EXERCISE BRIEF: Reproduce exactly only the lines from the line that holds "zekâ çağında ‘gerçeği’" to the line that holds "Paliki Apartment |", inclusive, in the listing below, and please leave out every picture.

MATERIAL FOR THE TASK:
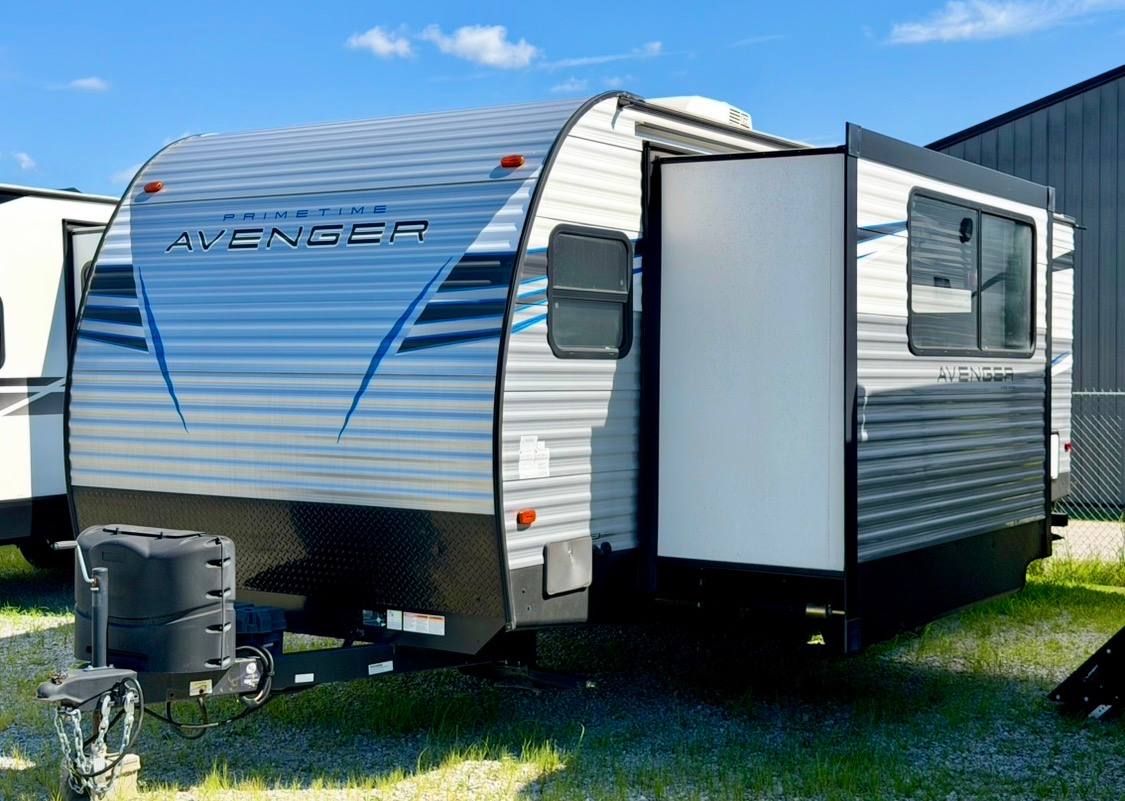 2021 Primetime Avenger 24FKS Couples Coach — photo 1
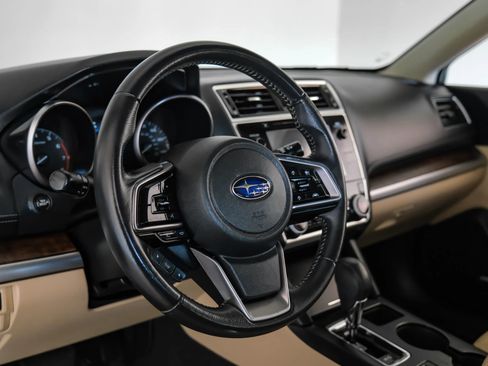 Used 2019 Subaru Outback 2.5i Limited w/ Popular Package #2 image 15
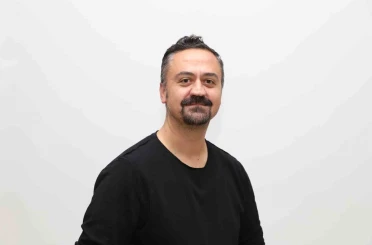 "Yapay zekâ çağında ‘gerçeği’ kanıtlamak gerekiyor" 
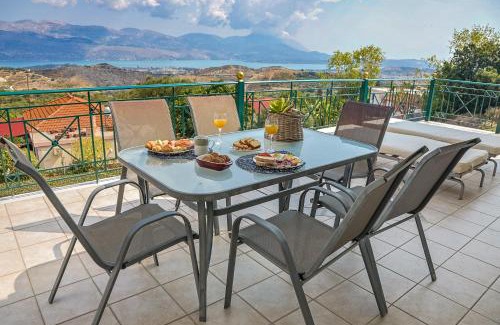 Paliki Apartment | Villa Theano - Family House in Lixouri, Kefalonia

* * *

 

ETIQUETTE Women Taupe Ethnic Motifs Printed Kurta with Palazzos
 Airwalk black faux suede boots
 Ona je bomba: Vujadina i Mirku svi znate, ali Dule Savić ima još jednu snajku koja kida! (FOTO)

---

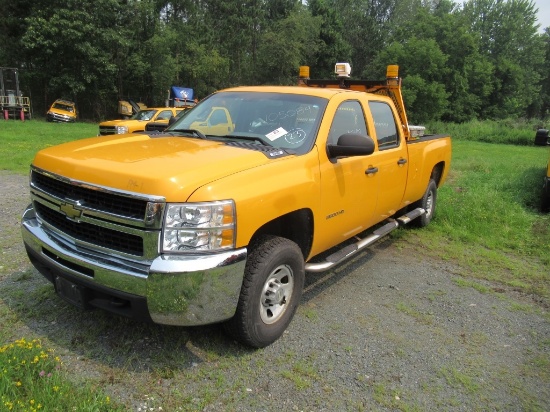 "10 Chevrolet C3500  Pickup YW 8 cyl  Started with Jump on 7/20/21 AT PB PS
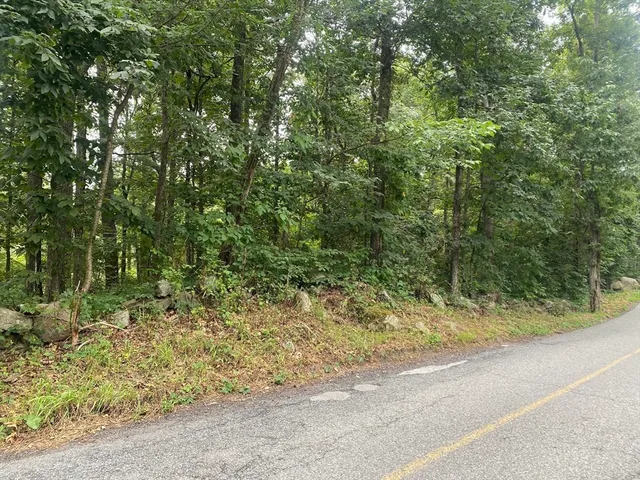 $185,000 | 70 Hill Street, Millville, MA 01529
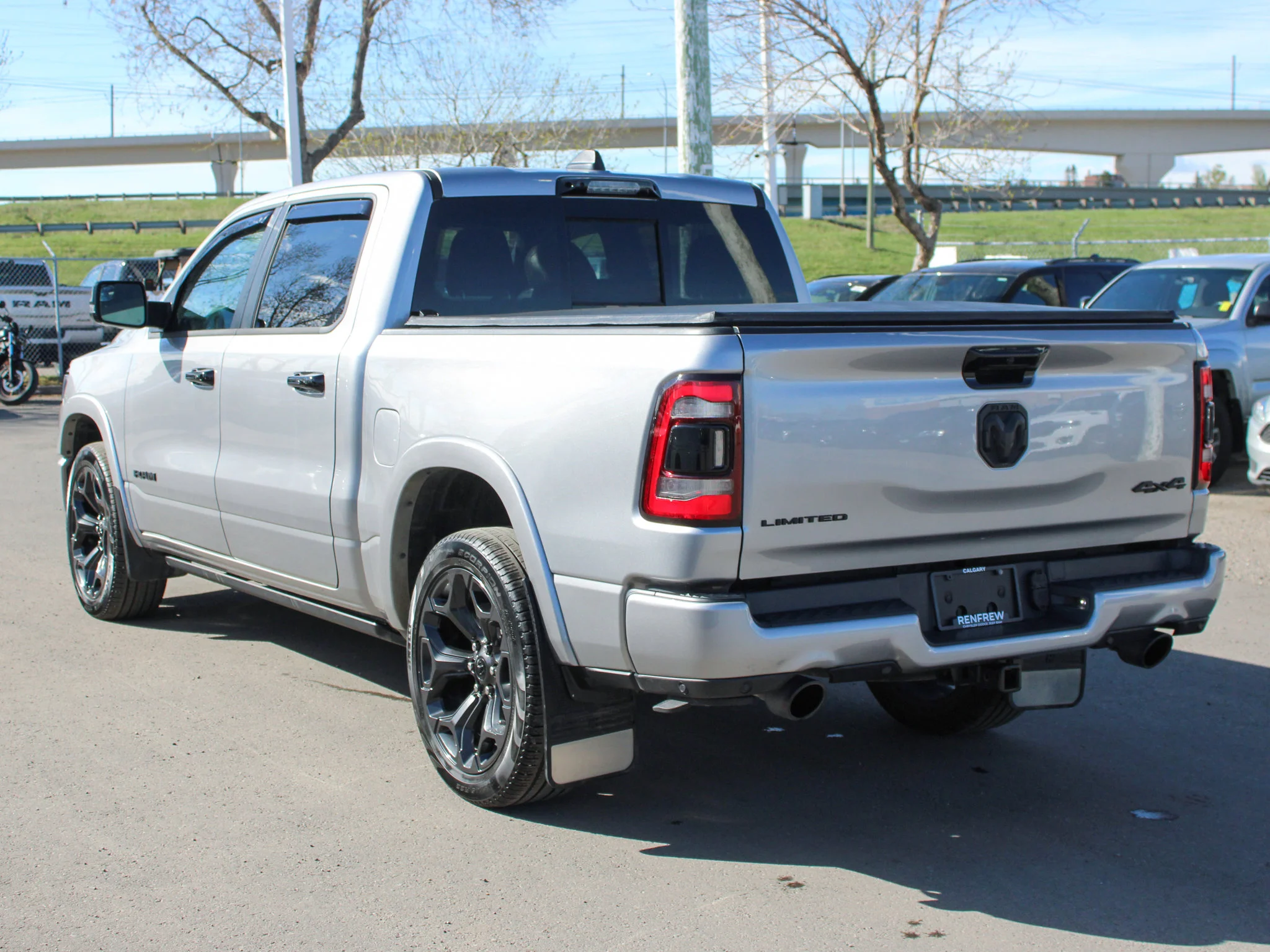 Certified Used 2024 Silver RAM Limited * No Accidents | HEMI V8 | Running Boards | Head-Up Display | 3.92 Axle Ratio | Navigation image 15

ANSWER:
 "Yapay zekâ çağında ‘gerçeği’ kanıtlamak gerekiyor" 
 Paliki Apartment | Villa Theano - Family House in Lixouri, Kefalonia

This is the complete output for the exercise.